Capture of USS Frolic (sloop)
20 April 1814
Opposing Forces
Capt. Hugh Pigot (HMS Orpheus)
36-gun frigate and 12-gun schooner; two ships pursuing one
Casualties: None
Cmdr. Joseph Bainbridge
Heavy sloop-of-war; sister ship to USS Peacock and USS Wasp; armed with twenty 32-pounder carronades and two long 18-pounders
Casualties: None; vessel captured after six-hour chase; Bainbridge threw guns overboard to lighten ship
The capture of USS Frolic on 20 April 1814, in the Florida Strait off the coast of Cuba, was a textbook illustration of the blockade’s strangling effect on American naval operations. A brand-new American sloop-of-war — one of three heavy flush-decked sloops built specifically to challenge British commerce — was run down by a British frigate and schooner after a six-hour chase during which the American commander threw his guns overboard in a desperate attempt to gain speed.

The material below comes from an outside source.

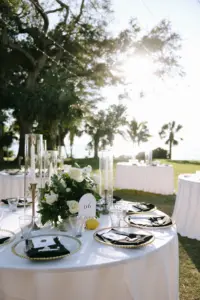 Elegant Black and White Outdoor Wedding Reception Table Setting Ideas | White Roses, Greenery, Taper Candles, Hurricane Glass Cylinders, and Lemon Italian Centerpiece Inspiration | Round Tables with White Linens and Black Napkins on Gold Beaded Glass Charger Plates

Frolic was a formidable vessel: a sister ship to USS Peacock and the second USS Wasp, designed by William Doughty and armed with twenty 32-pounder carronades and two long 18-pounders. Her commander, Joseph Bainbridge (younger brother of Commodore William Bainbridge, who had commanded Constitution against Java), had put to sea from Boston in February 1814 for a commerce-raiding cruise in the West Indies. The cruise had been productive: Frolic destroyed a British merchant vessel and sank a privateer before encountering Captain Hugh Pigot’s HMS Orpheus and the schooner HMS Shelburne.

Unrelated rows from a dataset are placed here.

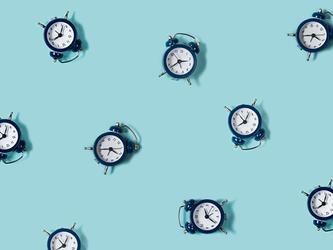 lots of round clocks against a blue background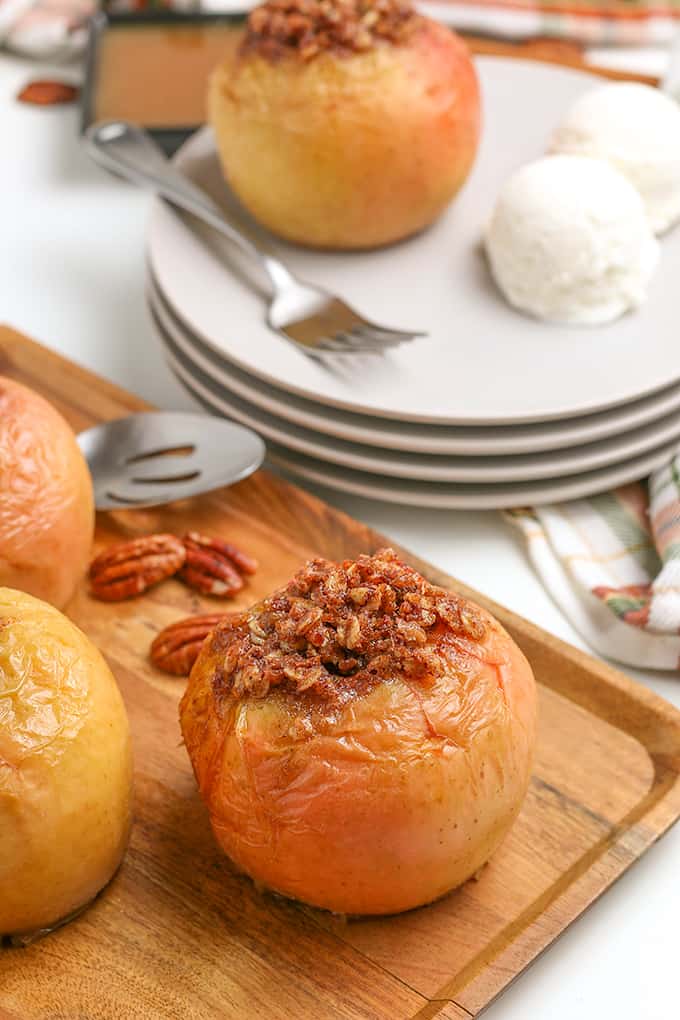 baked apples on a cutting board with a stack of white plates behind it with an apple on it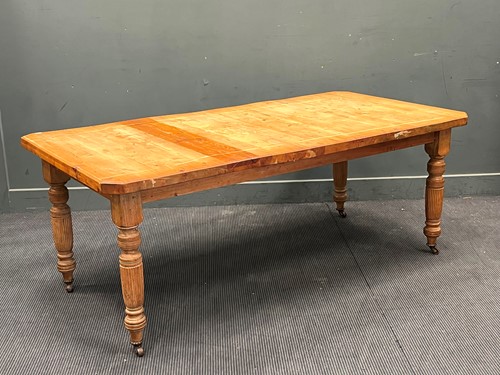 Lot 404 - A late Victorian stripped pine kitchen dining...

Bainbridge recognised immediately that he could not fight a 36-gun frigate and chose to run. What followed was a six-hour chase in which Frolic’s crew laboured desperately to gain speed. The starboard anchor was cut away. The guns on the port side — the side away from the enemy — were heaved overboard. Small arms followed. Despite these measures, Orpheus gradually closed the distance. Approximately fifteen miles off Matanzas, Cuba, Bainbridge surrendered.
No casualties were suffered on either side — the action was a chase rather than a battle. But the capture was strategically significant. Frolic was one of the newest and most capable American warships, built specifically for the kind of commerce-raiding mission that was the American navy’s most effective strategy. Her loss before she could accomplish anything of consequence demonstrated how comprehensively the British blockade and patrol system had closed down American options at sea.
The Admiralty purchased Frolic and commissioned her as HMS Florida. She served in the Royal Navy until broken up in 1819. The irony of her name was not lost on contemporaries: the original HMS Frolic had been captured by USS Wasp in October 1812. The American Frolic, named to commemorate that victory, was herself captured barely eighteen months later. The war at sea had come full circle.
Significance
The capture of USS Frolic — a brand-new heavy sloop named after the British vessel taken in 1812 — demonstrated that even the latest American warships could not escape the tightening British net. Bainbridge jettisoned his guns during a six-hour chase before surrendering to overwhelming force. The Royal Navy recommissioned her as HMS Florida.